The silly debate that preceded Ms. Rogers’s selection teetered on the question of whether an Islander or an off-Islander would be the better choice. In fact, the real question is who will see this superfluous, disorderly, underemployed supercargo of a government layer for what it is and do something about it. If Ms. Rogers were from the moon, but she saw the county clearly, we’d say sign her up.

The county manager oversees three people in three departments — the manager’s office, veterans affairs, and integrated pest management. The recent occupant of this office was an Island resident, as are the seven commissioners. Their record is unmarked by progress or usefulness.

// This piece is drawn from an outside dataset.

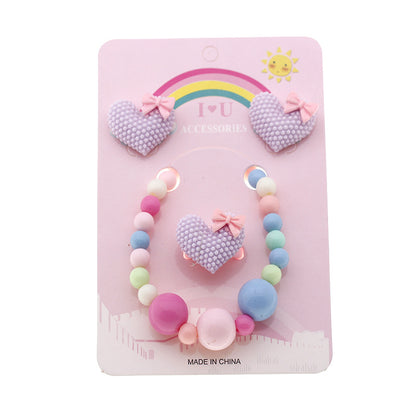 1 Set Fashion Heart Shape Plastic Beaded Girl's Rings Earrings Necklace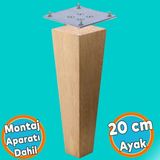 Ahşap Ayak 20 Cm Kare Bağlantı Aparatı Dahil Mobilya Koltuk Kanepe Sehpa Masa Ayağı Ayakları Boyasız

Until 1993, three elected, modestly paid county commissioners ran a county government significantly more complicated, with more moving parts. There was no professional manager, and there were more departments subject to the commissioners’ direct supervision. What they didn’t make a hash of, the state reached out and took — control of the airport, for example, the sheriff’s department, and the courts.

Today, the seven unpaid commissioners, their well-paid manager, and her subordinate have nothing improving to do and do it poorly.

It doesn’t have to be this way. In Plymouth (a big county of about 500,000) and Nantucket (a small one, 10,000 residents, smaller than Dukes), county government functions differently. In Nantucket, which is one town whose jurisdiction is coterminous with that of Nantucket County, the annual assessment to taxpayers is barely more than $100,000. For Dukes County, whose population is about 1.7 times that of Nantucket, the FY2013 assessment is $670,518, or nearly seven times the size of Nantucket’s assessment. For Plymouth County, with 107 employees, the annual assessment to constituent towns exceeds $1 million, disproportionately small by comparison to the Dukes assessment, correlated with its population.

How do the activities of the County of Dukes County accrue to the benefit of Vineyard voters and taxpayers? The theory at the time the existing Dukes County charter was proposed was that a central government structure would become the efficient engine performing needed services that must by their natures span town lines. This was how Dukes County would benefit its member towns.

But, it hasn’t, partly because no one had a clear vision of ways in which this municipality-spanning feature might be employed. Or, if someone had such a vision, he or she was unable to persuade the several towns to sign on. And that reveals the fundamental flaw in such thinking. Dukes County comprises seven different, independent communities, mostly happy in their difference and independence. County and town at Nantucket may be coterminous, but not here.

Or, consider the implications of the equalized real estate valuations of the several towns, as calculated by the state and used as the basis for apportioning the county’s costs to the towns. Suppose the towns would prefer a different method of allocating costs, for instance one based upon the value of services delivered by the county to the towns. Or, suppose voters wanted to have a say on the size of the budget, or at least of the 16.5 percent of the budget that county voters are obligated to pay. The current county structure effectively leaves voters out of the approval process.

There isn’t a model county in Massachusetts whose structural features will suit Dukes County voters. It’s not a matter of adapting county government to a pattern operating elsewhere. Massachusetts has all but extinguished the county government relic. The question is, why have a county government at all? Why have one if we cannot conceive an authentic purpose for it? Perhaps Ms. Rogers will think of something useful for the county to do. We’re rooting for her, but we’re skeptical.